START SUPPLIED MATERIAL

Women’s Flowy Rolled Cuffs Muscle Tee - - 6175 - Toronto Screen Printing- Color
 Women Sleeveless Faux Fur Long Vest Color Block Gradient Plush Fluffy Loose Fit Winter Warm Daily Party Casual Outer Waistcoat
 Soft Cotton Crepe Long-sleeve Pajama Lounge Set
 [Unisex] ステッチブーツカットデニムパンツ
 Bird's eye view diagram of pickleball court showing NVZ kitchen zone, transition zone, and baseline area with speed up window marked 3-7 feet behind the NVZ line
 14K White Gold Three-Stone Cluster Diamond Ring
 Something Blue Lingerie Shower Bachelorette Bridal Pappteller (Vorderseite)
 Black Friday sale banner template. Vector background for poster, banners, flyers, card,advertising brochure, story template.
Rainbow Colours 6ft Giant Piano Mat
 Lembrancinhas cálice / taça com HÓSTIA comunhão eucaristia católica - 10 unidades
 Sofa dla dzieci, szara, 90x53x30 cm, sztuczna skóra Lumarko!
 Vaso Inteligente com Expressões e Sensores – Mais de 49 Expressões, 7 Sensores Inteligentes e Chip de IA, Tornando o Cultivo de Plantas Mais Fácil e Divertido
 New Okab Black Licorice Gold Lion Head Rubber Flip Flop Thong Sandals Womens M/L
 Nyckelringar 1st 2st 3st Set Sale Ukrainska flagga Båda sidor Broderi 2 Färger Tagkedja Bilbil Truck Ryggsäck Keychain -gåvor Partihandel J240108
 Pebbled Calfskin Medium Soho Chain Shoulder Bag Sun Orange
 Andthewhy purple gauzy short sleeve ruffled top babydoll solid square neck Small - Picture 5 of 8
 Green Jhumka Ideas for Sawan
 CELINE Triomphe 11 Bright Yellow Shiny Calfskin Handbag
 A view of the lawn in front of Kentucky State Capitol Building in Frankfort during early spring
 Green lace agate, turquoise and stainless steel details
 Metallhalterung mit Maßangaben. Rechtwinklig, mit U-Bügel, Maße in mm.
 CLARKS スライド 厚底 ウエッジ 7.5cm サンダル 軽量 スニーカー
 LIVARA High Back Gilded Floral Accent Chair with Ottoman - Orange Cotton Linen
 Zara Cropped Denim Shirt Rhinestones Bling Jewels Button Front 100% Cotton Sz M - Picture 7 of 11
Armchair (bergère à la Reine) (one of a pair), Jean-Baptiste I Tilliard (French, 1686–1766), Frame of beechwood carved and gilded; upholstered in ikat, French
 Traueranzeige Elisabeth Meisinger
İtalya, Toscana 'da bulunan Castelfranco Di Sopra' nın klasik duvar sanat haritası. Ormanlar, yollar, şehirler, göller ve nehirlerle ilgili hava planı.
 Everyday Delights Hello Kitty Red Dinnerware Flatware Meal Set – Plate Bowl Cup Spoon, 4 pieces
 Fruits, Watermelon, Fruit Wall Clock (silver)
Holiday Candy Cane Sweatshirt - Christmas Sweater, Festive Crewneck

END SUPPLIED MATERIAL

TASK REQUIREMENTS >> Wherever the string "Calfskin" turns up in the material, copy the whole line.

FINAL ANSWER >>
 Pebbled Calfskin Medium Soho Chain Shoulder Bag Sun Orange
 CELINE Triomphe 11 Bright Yellow Shiny Calfskin Handbag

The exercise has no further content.